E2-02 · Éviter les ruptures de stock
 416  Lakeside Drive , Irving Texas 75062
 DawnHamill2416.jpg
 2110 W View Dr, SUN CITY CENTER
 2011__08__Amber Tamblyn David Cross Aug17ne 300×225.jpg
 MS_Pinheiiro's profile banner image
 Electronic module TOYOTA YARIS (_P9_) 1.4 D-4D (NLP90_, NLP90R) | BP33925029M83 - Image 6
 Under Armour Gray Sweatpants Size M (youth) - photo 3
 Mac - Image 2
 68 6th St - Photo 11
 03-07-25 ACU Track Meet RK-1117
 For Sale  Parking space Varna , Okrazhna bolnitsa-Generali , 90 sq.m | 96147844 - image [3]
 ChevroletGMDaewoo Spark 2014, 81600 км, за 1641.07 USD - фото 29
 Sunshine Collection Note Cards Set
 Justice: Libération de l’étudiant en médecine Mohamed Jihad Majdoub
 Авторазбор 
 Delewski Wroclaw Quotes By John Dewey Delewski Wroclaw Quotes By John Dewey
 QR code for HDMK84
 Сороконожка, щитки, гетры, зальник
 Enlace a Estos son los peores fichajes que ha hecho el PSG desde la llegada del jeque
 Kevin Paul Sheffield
§ §
Please return the lines above exactly, from the first one down to the line with "MS_Pinheiiro's profile banner image", and stop after that line.

TASK RESULT:
E2-02 · Éviter les ruptures de stock
 416  Lakeside Drive , Irving Texas 75062
 DawnHamill2416.jpg
 2110 W View Dr, SUN CITY CENTER
 2011__08__Amber Tamblyn David Cross Aug17ne 300×225.jpg
 MS_Pinheiiro's profile banner image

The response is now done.